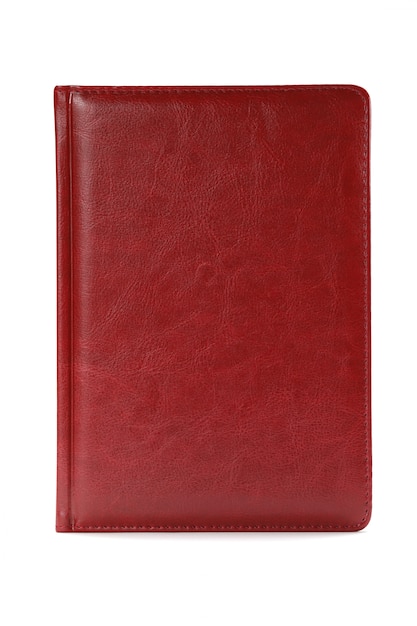 Red diary isolated
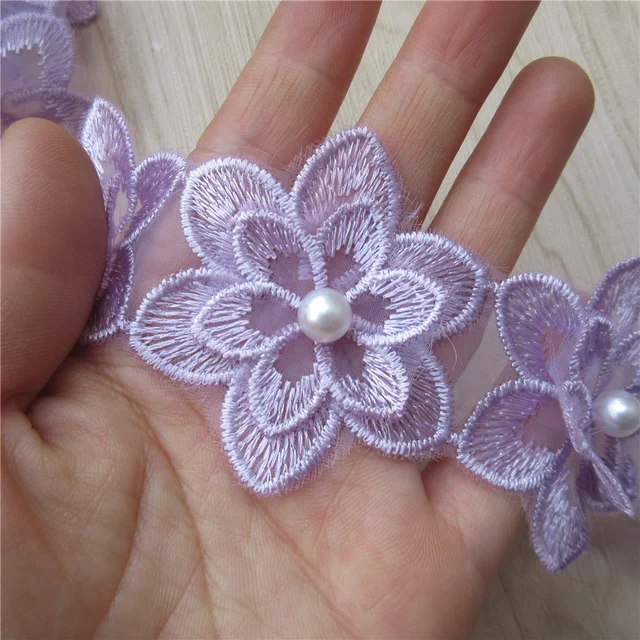 10pc Gray Pearl Chiffon Beaded Flower Lace Trim - 6cm Embroidered Ribbon For Sewing, DIY Crafts, Wedding Decor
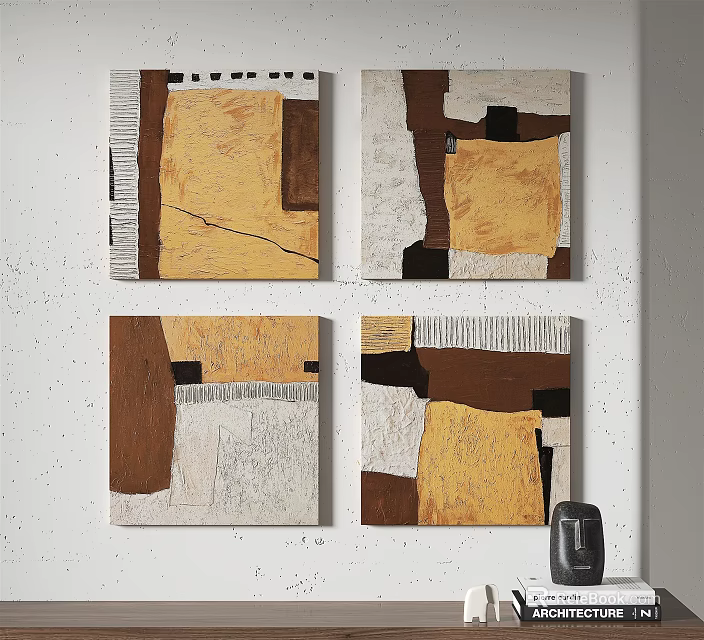 Four Abstract Paintings on Wall with Brown Yellow and Beige Geometric Patterns 3d model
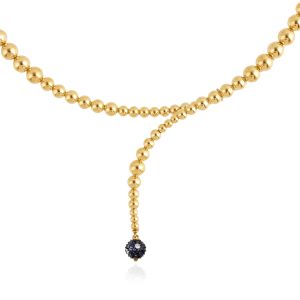 18Kt Yellow Gold With Diamond & Blue Sapphire Striking Gold Chain Necklace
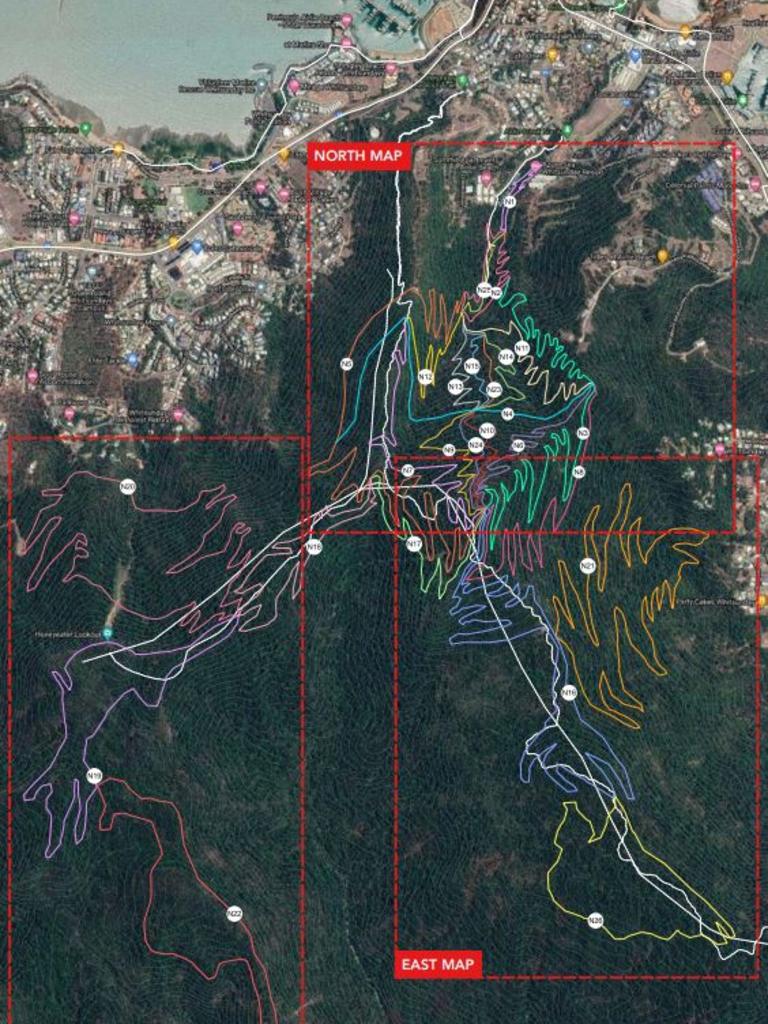 Overview map prepared by Dirt Art of proposed mountain bike trails in Airlie Beach as part of the Whitsunday Trails Concept Plan. Photo: Dirt Art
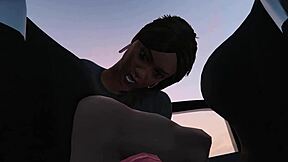 Френклин пита, хоћеш ли ме услужити у колима? у ГТА 5 сцени са курвом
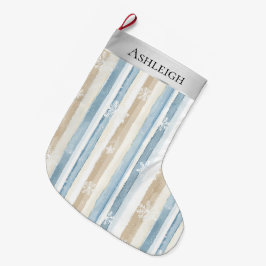 Silver Blue White Snowflakes Strips Weihnachten Großer Weihnachtsstrumpf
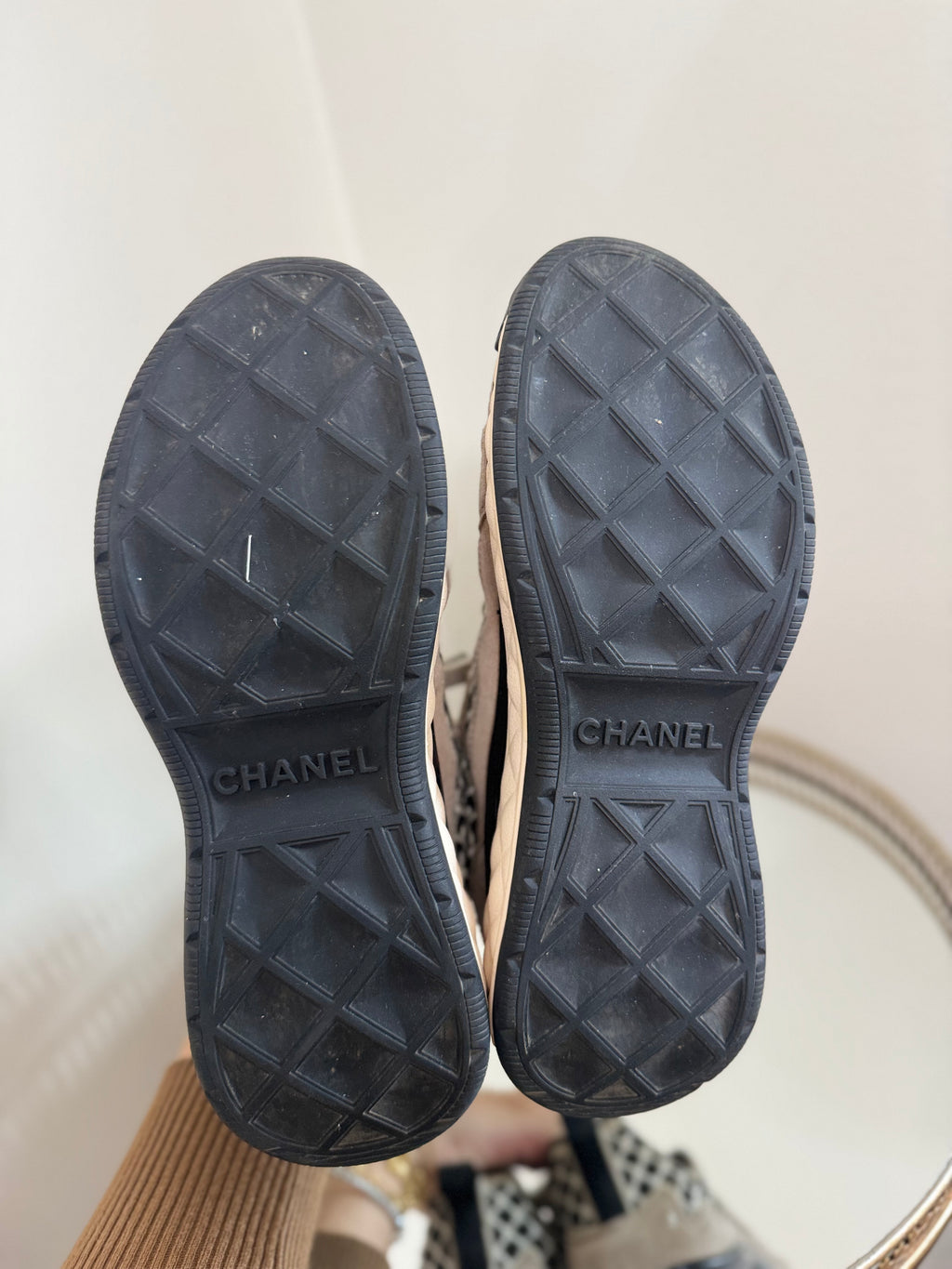 Chanel suede CC interlocking sneakers with Open net
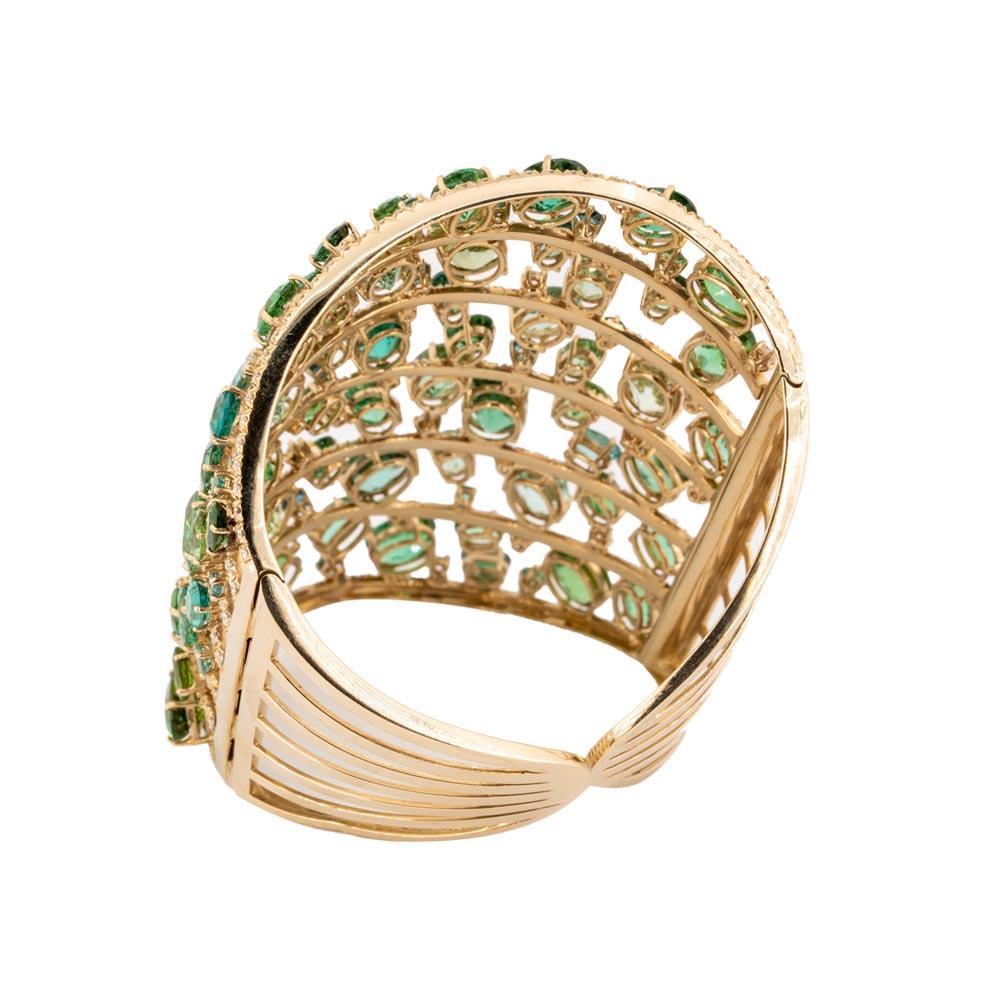 Artist Olympus Art Certified, Ottoman Style, Diamond, Green Tourmaline Bracelet For Sale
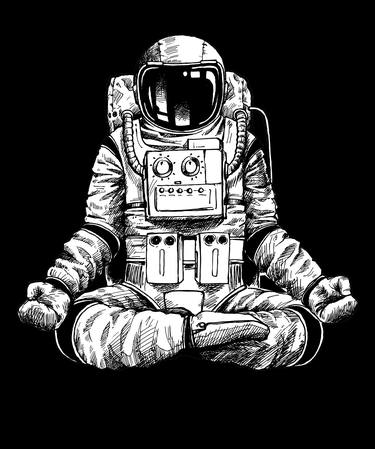 Astronaut in spacesuit yoga gestures , Hand Drawn thumb
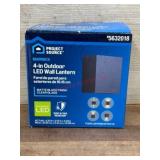 4-Inch Outdoor LED Wall Lantern with Matte Black F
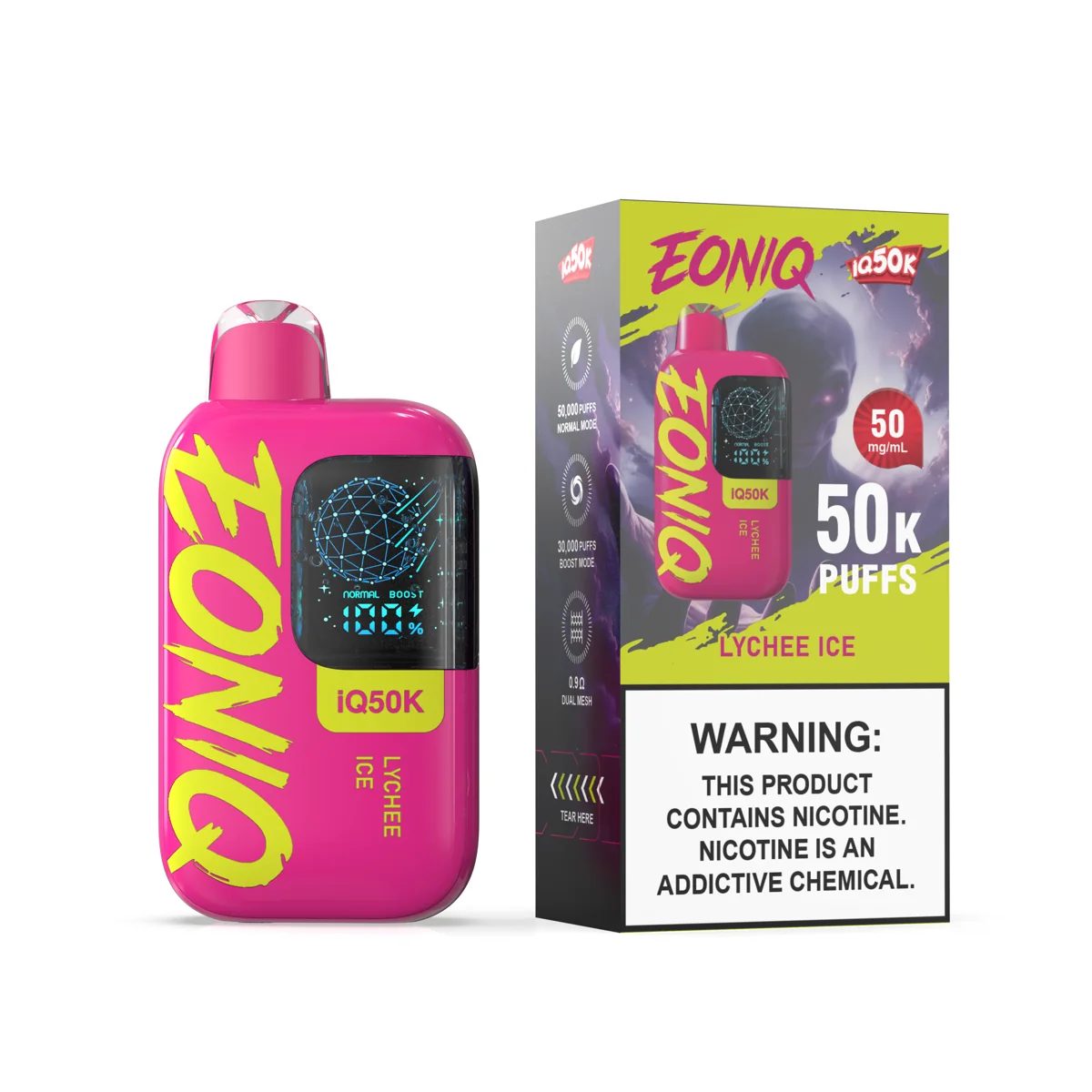 IQ50K Lychee Ice packaging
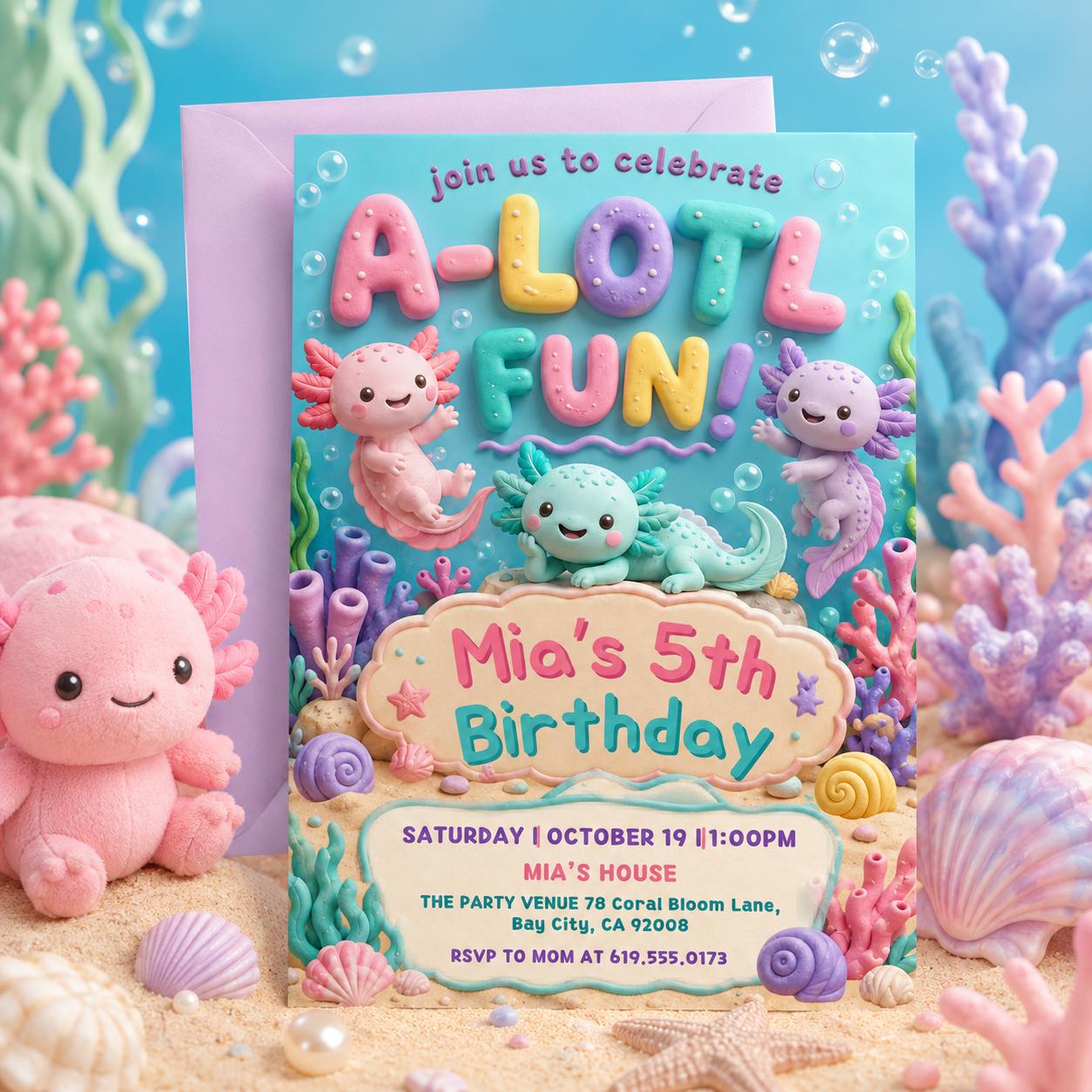 Axolotl Birthday Invitation, ALotl Fun Birthday Invitation Axolotl Birthday Invitation A-Lot-l Fun Invite Girl Axolotl Bday, Canva Template __etsy:8007245458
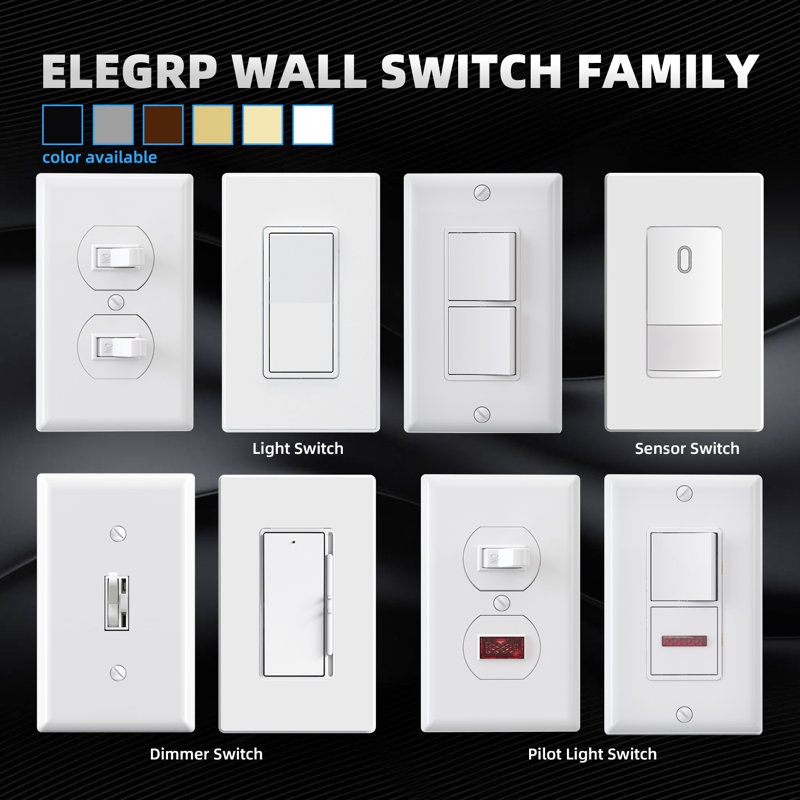 White Matte Single Pole Rocker Light Switch Set with Thermoplastic Wall Plate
****
*WHAT TO DO:* The reply should hold every line of the material above, unchanged, and no pictures.

*RESPONSE FOR THIS EXERCISE:*
 Red diary isolated
 10pc Gray Pearl Chiffon Beaded Flower Lace Trim - 6cm Embroidered Ribbon For Sewing, DIY Crafts, Wedding Decor
 Four Abstract Paintings on Wall with Brown Yellow and Beige Geometric Patterns 3d model
 18Kt Yellow Gold With Diamond & Blue Sapphire Striking Gold Chain Necklace
 Overview map prepared by Dirt Art of proposed mountain bike trails in Airlie Beach as part of the Whitsunday Trails Concept Plan. Photo: Dirt Art
 Френклин пита, хоћеш ли ме услужити у колима? у ГТА 5 сцени са курвом
 Silver Blue White Snowflakes Strips Weihnachten Großer Weihnachtsstrumpf
 Chanel suede CC interlocking sneakers with Open net
 Artist Olympus Art Certified, Ottoman Style, Diamond, Green Tourmaline Bracelet For Sale
 Astronaut in spacesuit yoga gestures , Hand Drawn thumb
 4-Inch Outdoor LED Wall Lantern with Matte Black F
 IQ50K Lychee Ice packaging
 Axolotl Birthday Invitation, ALotl Fun Birthday Invitation Axolotl Birthday Invitation A-Lot-l Fun Invite Girl Axolotl Bday, Canva Template __etsy:8007245458
 White Matte Single Pole Rocker Light Switch Set with Thermoplastic Wall Plate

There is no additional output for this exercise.